New Waterford manager Marc Bircham has admitted he faces a stiff task but says building the right culture at the club is the key to success.
The appointment of the Londoner to replace Kevin Sheedy continued Waterford's recent habit of making left field appointments from the UK scene and the former Millwall and QPR player has just returned from a stint working for The Bahamas FA.
He acknowledged that other managers might have turned down the Waterford opportunity but the 42-year-old opted to give it a try and is hopeful he can extend his stay beyond this season.
The initial brief is to lift the club off the bottom of the table and owner Lee Power has indicated there will be money in the summer to strengthen his squad - indeed there is strong local speculation that Power may be helped by the support of new investors.
"I am an enthusiastic positive person," said Bircham.
"We are bottom of the league. The only way is up. I work on a gut feeling and I had a gut feeling that I really fancied it. Or maybe I'm mental! We'll know in a couple of months.

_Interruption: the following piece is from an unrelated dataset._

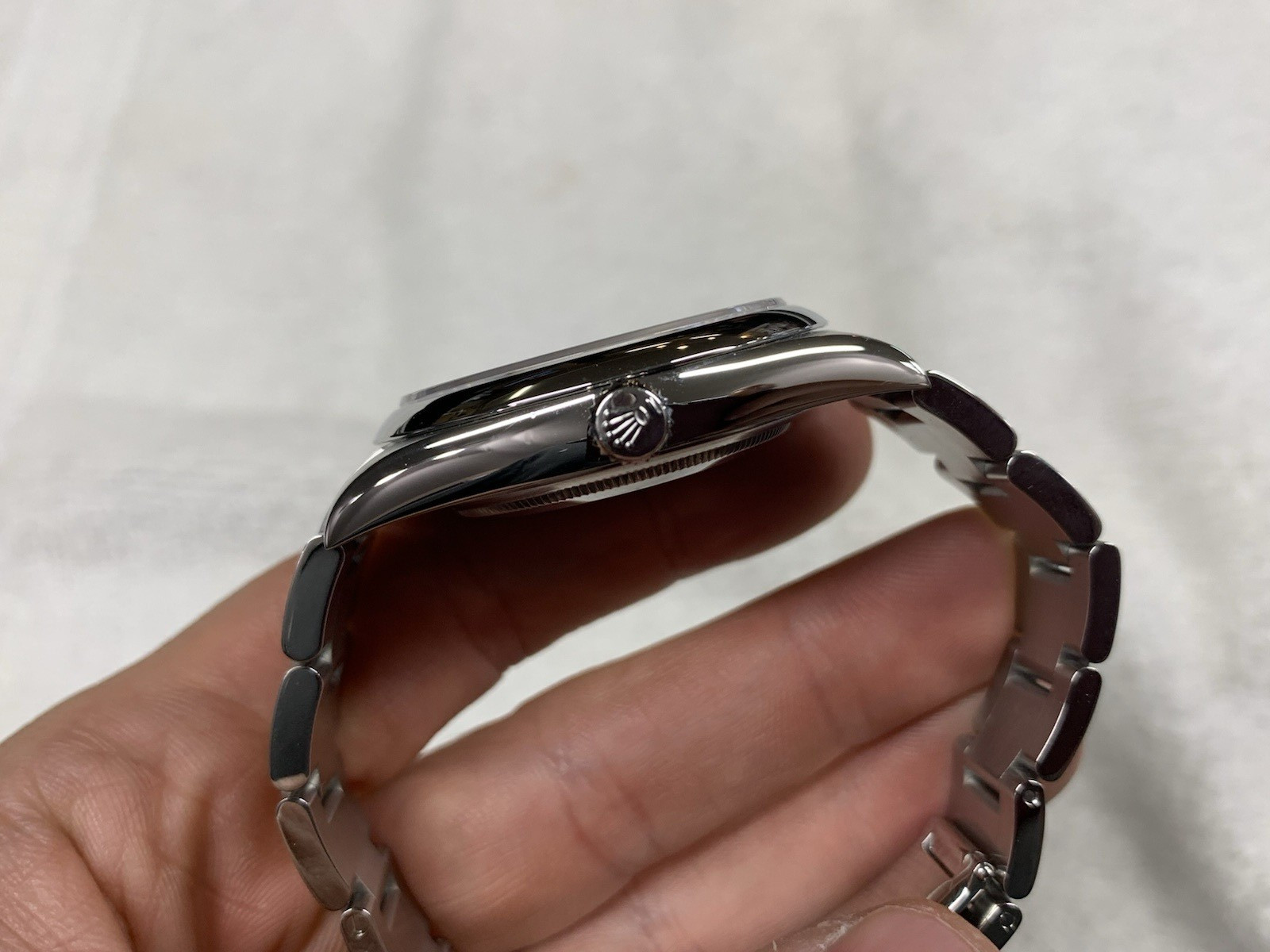 2022 Rolex Oyster Perpetual OP 41 124300 Black Dial with Box/Card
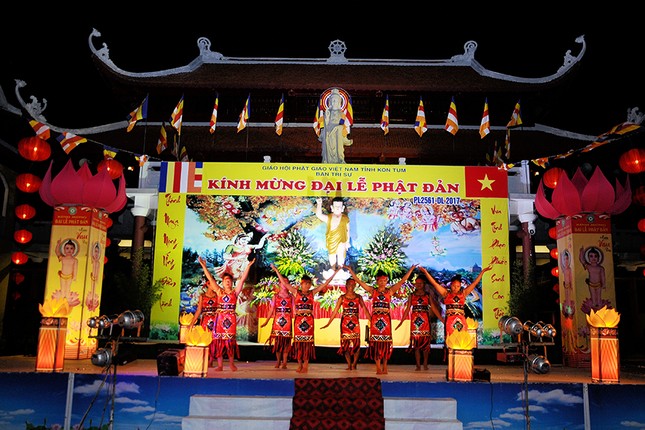 Hội diễn văn nghệ khép lại Đại lễ Phật đản PL.2561 ảnh 7 huechieu.jpg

"I'd be lying if I said 'It's the best job in the world'. It's different if it's a top of the league team and you can't say no. I weighed it up. I've done my homework on the team and the squad and the owners as in talking to them about getting investment during the window - bringing my own players is vitally important to the work I want to do with the team. And I got everything I wanted to hear from them."
The new boss spent his period in quarantine watching Waterford's games and also studying their opposition and will be in the dugout for their match with Derry on Friday. First team players returned to training this week following a Covid enforced absence and the forfeit of a league game with Sligo Rovers.
Bircham will confirm the rest of his coaching staff this week and says Brian Murphy - who he worked with at QPR - will return to the squad but will not take a role on the backroom. Murphy was exiled under Sheedy and Mike Newell.
Murphy and Daryl Murphy stand apart in the dressing room as senior pros in their thirties and Bircham said the job with the rest of the young group will be to breed good habits.
"With young players, you've got to find ways of engaging with them," he said.
"People talk about a coaching philosophy and I think that's absolute rubbish. You can have a coaching philosophy if you're Pep Guardiola or Jurgen Klopp where if the players you've got aren't buying into your philosophy....Pep spent €200m on a goalkeeper and two full backs because they weren't buying into his philosophy.
"Jurgen Klopp broke the transfer record for a centre half and a goalkeeper because he wanted his philosophy. If you're at a club who can't trade players or buy what you want, your philosophy has got to be let's try and find the best way to win.
"It might be different tactics and playing differently. Culture is a whole different word that I fully believe in. You've got to create a culture at a club where you want to come in every day.
"In my day growing up at Millwall with Mick McCarthy and Ian Evans, the culture was actually created by the older players. It wasn't so much the coaches, it was the older players where they would talk you through how to tackle and how to want the ball and teach you the rights and wrongs.
"Them older pros have gone out of the game. As a coach, you have to wear all different hats, you've got to be a father figure, you've got to be a teacher, you have to be a friend, a disciplinarian and you have to try and mould them all together to be the best you can as a coach and get the best out of the players."